In conclusion, we reject this ground of appeal.
[6]
Appeal ground 1(b): Did the Tribunal provide adequate reasons in respect of its conclusions as to personal information?
The Appellant contends that the reasoning of the Tribunal in respect of its conclusions as to personal information were inadequate (section 3, Appellant's submissions of 13 March 2024). To the extent that the Appellant questions the adequacy of reasons given by the Tribunal in the 2022 decision, that decision is not under appeal. To the extent that she questions the adequacy of the Tribunal's reasons in certain respects in the 2023 decision, the Respondent counters that the Tribunal's reasoning is adequate.
An issue which arises is whether the question of adequacy of reasons raised by the Appellant amounts to a question of law for which no leave to appeal is required, or whether leave is required on that ground.
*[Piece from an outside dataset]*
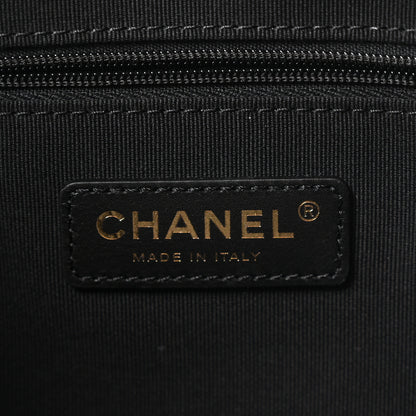 Chanel Suede Calfskin Shiny Lambskin Quilted Small Coco Base Shopping Bag Beige Black 6 of 10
Other than the Respondent making a passing reference in its submissions to the Appellant's "purported question of law" regarding provision of adequate reasoning by the Tribunal, there are no submissions before us as to whether the question raised by the Appellant amounts to a question of law for the purposes of s 80(2)(b) of the NCAT Act, or whether leave to appeal is required.
Depending on the precise arguments put by an appellant, an allegation that reasons are inadequate may amount to a challenge to the merits of the Tribunal's decision, for which leave to appeal is required. Simply alleging that the Tribunal's reasons are inadequate may not be sufficient to identify a question of law.
That said, there have been a number of Appeal Panel decisions which have proceeded on the view that, even in the absence of a request made under s 62 of the NCAT Act for written reasons, whether there has been a failure to provide adequate reasons amounts to a question of law for the purposes of s 80(2)(b): see e.g. Commissioner of Police, NSW Police Force v DYD [2023] NSWCATAP 244 at [11]-[18], [27]-[30]; Starr v Johnson [2023] NSWCATAP 190 at [23].
While the question cannot be regarded as free from doubt (see e.g. Starr v Johnson [2022] NSWCATAP 190 at [37]-[53]) or authoritatively determined by the Courts in NSW, we are prepared to accept, for the purposes of this appeal, that the question of whether or not the Tribunal's reasons are adequate in the sense complained of by the Appellant is a question of law and leave to appeal is not required. We do so taking a generous approach in assessing whether the Appellant's notice identifies a question of law, and in the absence of submissions from the parties on the point.
The Tribunal is not a court. It is a Tribunal of substance not form. The Tribunal (including the Appeal Panel) is required to act with as little formality as the circumstances of the case permit and according to equity, good conscience and the substantial merits of the case without regard to technicalities or legal forms: see s 38(4) of the NCAT Act; Moloney v Taylor [2016] NSWCA 199 at [30]-[33]; Actol Pty Ltd v Rise Products Pty Ltd; Rise Products Pty Ltd v Actol Pty Ltd [2023] NSWCATAP 259 at [72].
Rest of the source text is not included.